For the very first time, stakeholders of plastic products, microplastics and microbeads came into one common platform to share their views and opinions about microplastic pollution. The key point of discussion was how to eliminate microbeads, thus minimizing the global microplastic debris.
A huge gathering of health and environmental experts, government representatives, stakeholders, academicians, and mass people encouraged the ban of microplastic, especially microbeads in a ‘Knowledge Sharing Consultation with Stakeholders on Microplastic Pollution in the Bay of Bengal’ to make people, especially the stakeholders aware about the emerging pollution threat from microbeads. The event was organized by Environment and Social development Organization-ESDO at Four Seasons Restaurant, Sat Masjid Road, Dhanmondi, Dhaka.
A video documentary was shown in the event followed by a power point presentation showing the study findings and survey results of ESDO on the current situation of the use of microbeads as well as the level of awareness among consumers and retailers in Bangladesh. It was very unfortunate that among 200 retailers surveyed, only a percent had idea about microplastic or microbeads.
Microplastics is used as a collective form to describe particles measuring less than 5 mm. Microplastics can be categorized into two types : those which are generated from larger plastic particles as a result of fragmentation and those which are generated intentionally as microbeads. Whatever the sources are, at present microplastics pollution is of increasing concern throughout the world.
Md. Billal Hossain appreciated ESDO’s initiative as it is the first organization in Bangladesh who has taken such an initiative to address the pollution from microbeads in Bangladesh. He said, “globally anti-plastic campaign has started in a wide magnitude whreas Bangladesh has not made such progress so far. It is high time to sort out the microplastic added products and to move forward with the solution thereby.

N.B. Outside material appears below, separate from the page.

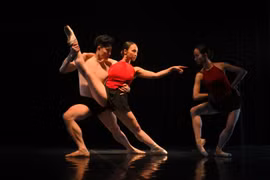 Vở ballet "Đông Hồ" lấy cảm hứng từ bức tranh "Đánh ghen", "Đám cưới chuột"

Khondoker Mostafizur Rahman said, “though microplastic pollution is a global problem we should first think from Bangladesh perspective. As Bay of Bengal is the most significant asset of Bangladesh, we should work together to protect it from plastic trashes. To reduce microplastic trashes in ocean and land the complete elimination of microbeads from personnal care products is inevitable.”
Dr. Shahriar said, “The British government has banned the production of microbeads in rinse-off cosmetics and cleaning products in England. The ban on production took effect on 9 January 2018 and will be followed by a sales ban on 1 July 2018. Bangladesh is not the producer of microbeads rather importer. So it would be easy for Bangladeshi Government to call a ban on microbeads in personal care products”.